The frequency spectra in Figs. 3(b) and 3(d) are averages of three THz pulses in each set. The frequency independent part of water vapor refractivity is (n-1) = 61.6 x 10⁻⁶ in an atmosphere with RH 58% at 20 °C (density of 10 g/m³₎ [23]. The transit time of THz pulses through the 137 m total round-trip path in the RH (density 10 g/m³) controlled chamber is 27.9 ps longer, than for a dry chamber. By comparing the transmitted time difference $\Delta t$ of the sample and reference pulses with 27.9 ps / 10 g/m³, the relative water vapor density can be calculated to an accuracy of 0.04 g/m³, corresponding to RH 2%, and a 0.1 ps delay change.

In this work, the transit times of THz pulses are not only affected by various RH levels but also by the laser-clock drift and the drift in the long THz optical train. Firstly, the repetition (clock) rate of the Mode-locked laser is 89.6948xx MHz, measured to eight digits by a frequency counter, is quite stable to six digits during measurements. Frequency drift and some jitter occur in the last 2 digits as indicated by xx which illustrates a slow change in the optical clock rate of the order of 100 Hz.

Secondly, the slow change of the length of the long THz optical train is from the heat expansion and cold contraction of the concrete floor and stainless steel (SS) optical table [20]. The massive concrete floor has very slow response to average temperature changes, on the order of many hours or days, while the temperature response of the SS table is much faster. Moreover, stainless steel and concrete have approximately the same coefficient of thermal expansion 10⁻⁵ (ΔL/L)/°C. If the difference temperature ΔT changed by 1 °C, a length difference of 170 m x 10⁻⁵ would occur, with the corresponding change in the start time of the THz pulse of 5.7 ps. This time change is approximately equal to the observed day to day and week to week changes as shown in the difference groups of THz signals in Fig. 3.

From the experimental results, the stable transit times for several scans in a series show the stability of the long-path setup and that no significant change in optical train or laser-clock drift occurs.

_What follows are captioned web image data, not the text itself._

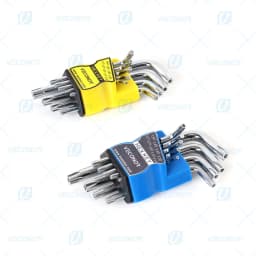 9Pcs Set Durable Metric Short Arm Torx Chrome Vanadium Key Star Wrench Hand Tool Screwdriver T10 T15 T20 T25 T27 T30 T40 T45 T50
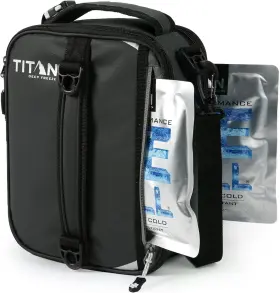 5-54135-01-0e Titan By Arctic Zone High Performance Fridge Cold Expandable 8 In X 4 10.25 Inch Black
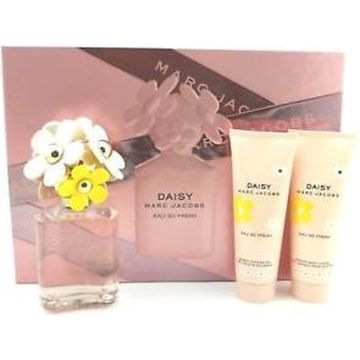 Marc Jacobs Daisy Eau So Fresh Geschenkset 75ml EDT + 75ml Body Lotion + 75ml Douchegel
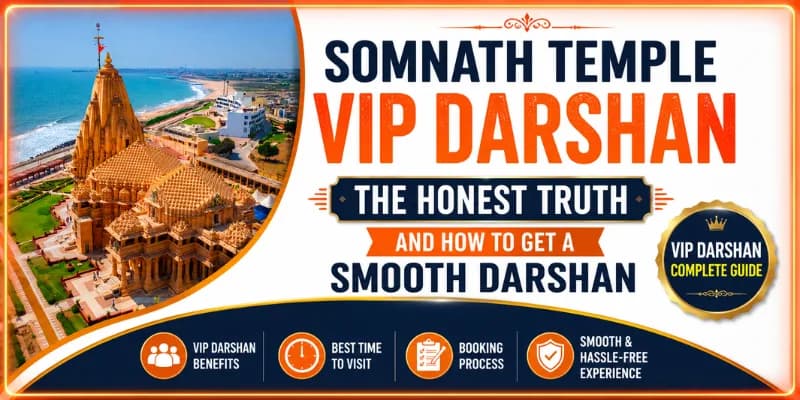 Somnath Temple VIP Darshan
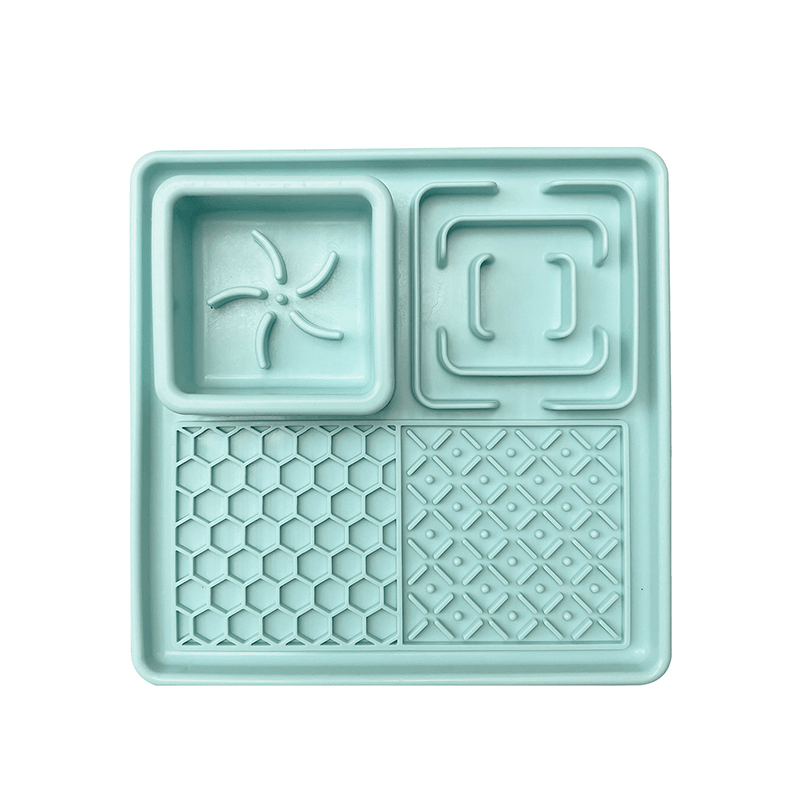 Slow Feeder Bowl, Silicone Lick Mat with Suction Cups for Dog Cat -
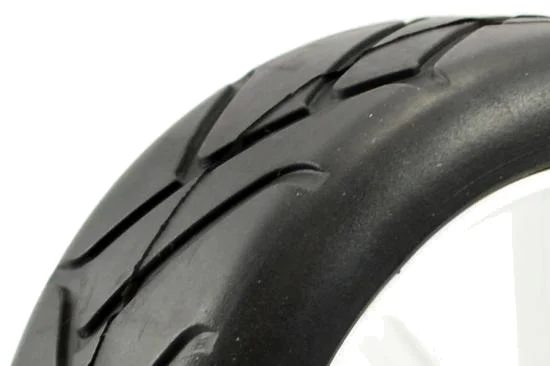 Fastrax 1:8 Premounted Slick Tyres Grid Iron/Split Spoke &mdash; image 3 of 4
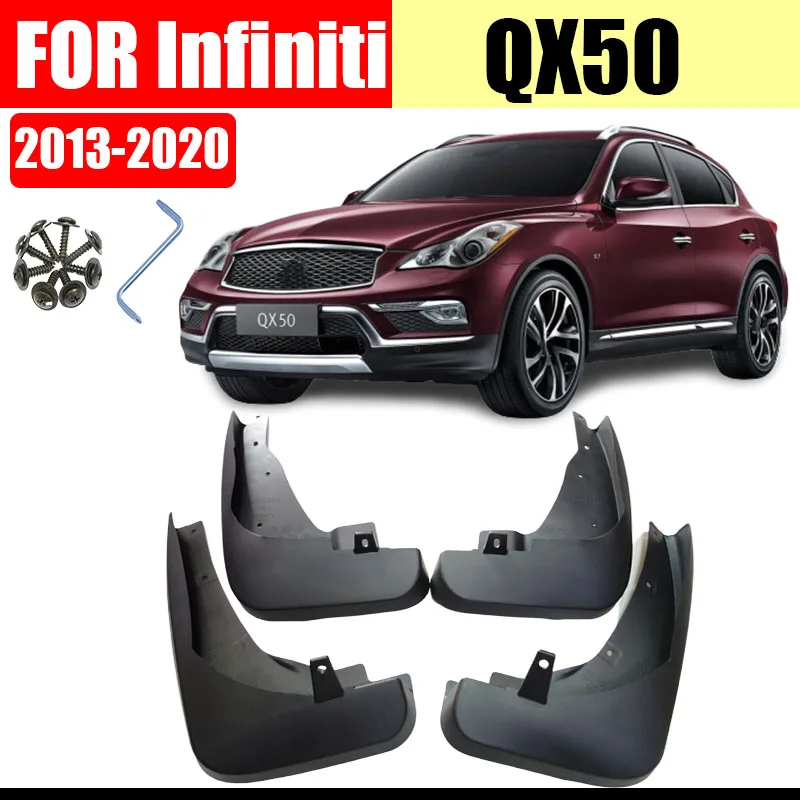 Брызговики для Infiniti QX50, крыло брызговиков, QX50, P71A, защитные крылья, 4 шт.
Брызговики для Infiniti QX50, крыло брызговиков, QX50, P71A, защитные крылья, 4 шт.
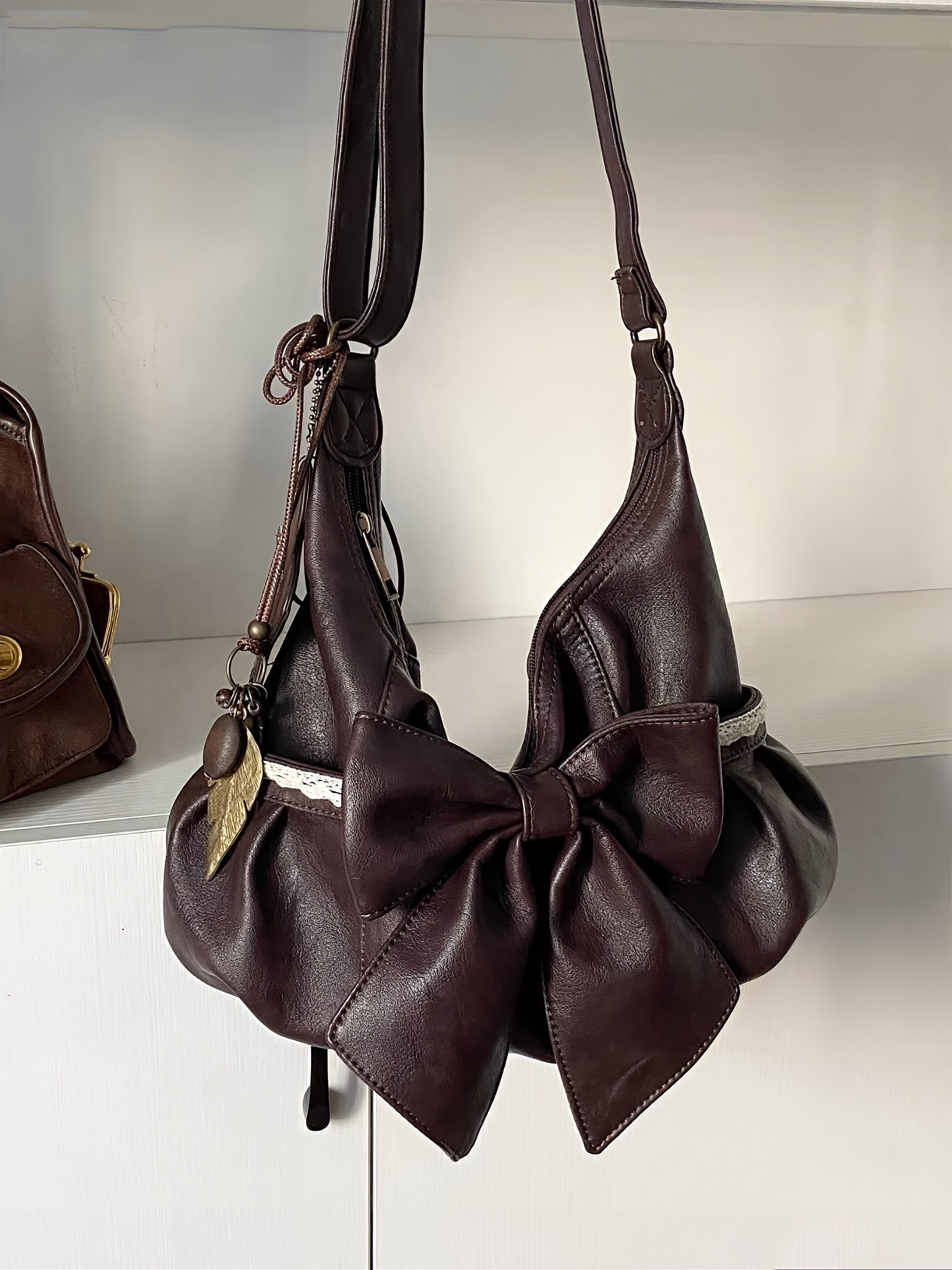 The Cocoa Bow Shoulder Bag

The weak water vapor absorption line center frequencies in the Fourier-transformed frequency spectra of measurements shown in Fig. 2 agree with the HITRAN and the JPL database to an accuracy of 1 GHz [17], which indicates the stability of the long-path setup within one scan.

4. Results

The relative amplitude transmission of sample #2 with respect to the reference of Fig. 3(d) is shown in Fig. 4(a) for the path length of 137 m. This transmission was obtained by dividing the sample amplitude spectrum by the reference spectrum as shown in Fig. 3(d). The corresponding absorption $\Delta {\alpha }_x$shown in Figs. 4(b) and 5(a) were obtained by taking the log to the base 10 of the values of transmission per km, multiplied by 20 to obtain the power absorption.

 

Fig. 4 (a) Amplitude transmission for$\Delta {\rho }_W$ = 7.0 g/m³, which is the spectral ratio between the sample #2 and reference in Fig. 3(d). (b) Measured power attenuation coefficients $\Delta {\alpha }_x$ (open circles) in dB/km with the smoothed THz windows W1-W4 (solid lines), for the water vapor density differences of $\Delta {\rho }_W$ = 4.1 g/m³ (bottom blue circles), $\Delta {\rho }_W$ = 5.2 g/m³ (middle red circles) and $\Delta {\rho }_W$ = 7.0 g/m³ (top black circles). For comparison the MRT calculation for $\Delta {\rho }_W$ = 4.1 g/m³ is shown as the purple solid bottom line. (3)-(5) indicate the THz windows investigated in [19].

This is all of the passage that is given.